La procura di Roma ha così indagato la leader di FdI per diffamazione aggravata. Esaminati gli atti e, in particolare, la querela con cui Pignalberi lamentava di essere stato ingiustamente accusato dall'indagata di essere un truffatore, la giudice Angela Gerardi, ha ritenuto che non fosse applicabile l’articolo 68 della costituzione, quello che stabilisce che i membri del Parlamento non possono essere chiamati a rispondere delle opinioni espresse nell'esercizio delle loro funzioni, e si è rivolta alla Camera.
Adesso il caso, arrivato nella scorsa legislatura alla Giunta delle autorizzazioni di Montecitorio, è rimasto tra “gli arretrati”. La Camera deve ancora decidere se la deputata e presidente di Fratelli d'Italia debba avere lo scudo parlamentare o no. In linea teorica la Giunta avrebbe avuto 90 giorni di tempo, ma non è raro che queste procedure vengano gestite in ritardo, e nel frattempo Giorgia Meloni è diventata presidente del Consiglio.
Mercoledì ci sarà l’Ufficio di presidenza della Giunta presieduta da Enrico Costa (Azione-Italia Viva), e verrà deciso il calendario dei casi da trattare.

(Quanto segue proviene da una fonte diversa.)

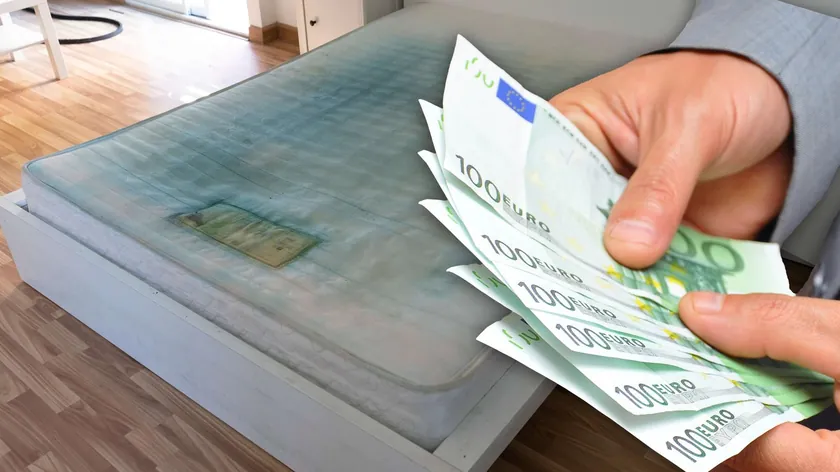 İtalya'da Temizlikçi, Emeklinin Eski Yatağını Attı İçindeki Servet Çöpe Gitti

Marco Lacarra del Pd, segretario della giunta, commenta: «Non è così comune trovarsi a decidere su un atto che riguardi la presidente del Consiglio», tuttavia assicura, si muoveranno senza pregiudizi partitici, ma nella piena consapevolezza delle «prerogative parlamentari».

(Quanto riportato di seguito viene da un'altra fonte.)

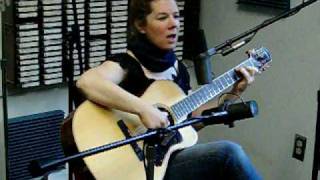 Dar Williams - Holly Tree, at WNRN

Pignalberi, che adesso dovrà essere giudicato sulle accuse che lo riguardano, ha incassato quest’estate un’assoluzione dall’accusa di manomissione di un assegno con remissione di querela, le altre sono ancora in sospeso. In attesa che Montecitorio intervenga sulla querela, riferisce, la settimana scorsa è passato anche alla causa civile contro Meloni, chiedendole un risarcimento danni da 700 mila euro.
Il caso Domani
Se da una parte c’è Meloni querelata, che da politica ha ritenuto di doversi esprimere su un politico a cui in passato è stata vicina, dall’altra c’è il giornale Domani. Nell’ottobre 2021 Emiliano Fittipaldi ha raccontato su queste pagine di una mail inviata da un imprenditore all’allora commissario all’emergenza Covid Domenico Arcuri, con in copia Giorgia Meloni, per partecipare all’affare delle mascherine. Fittipaldi ha scoperto anche che Meloni aveva chiamato Arcuri. L’allora presidente di Fratelli d’Italia non ha contestato i fatti, ma l’uso del termine “raccomandazione” e ha deciso di fare causa penale e civile a questo giornale.

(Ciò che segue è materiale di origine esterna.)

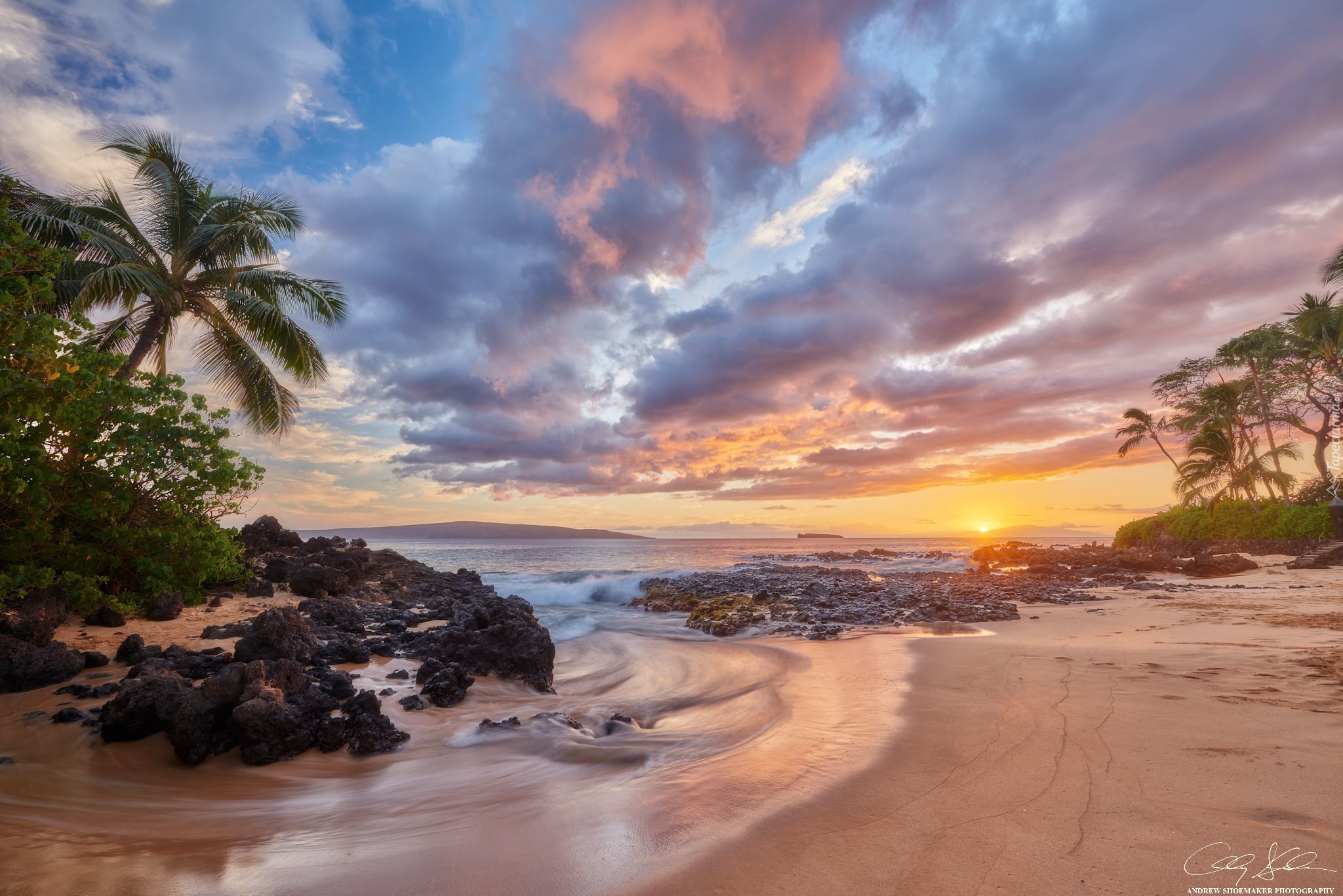 Hawaje, Wyspa Maui, Morze, Zachód słońca, Palmy, Chmury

Un anno dopo l’imprenditore segnalato da Meloni è diventato deputato di Fratelli d’Italia, l’avvocato della causa sottosegretario alla Giustizia, Meloni presidente del Consiglio.
Meloni da “cittadino, giornalista e politico”, come ha fatto scrivere al suo avvocato, ha deciso di portare a giudizio questo giornale ma la sua posizione personale è cambiata. Da presidente del Consiglio è chiamata a tutelare tra i valori costituzionali anche la libertà d’espressione di tutti, anche perché da "politico” può già tutelare la sua.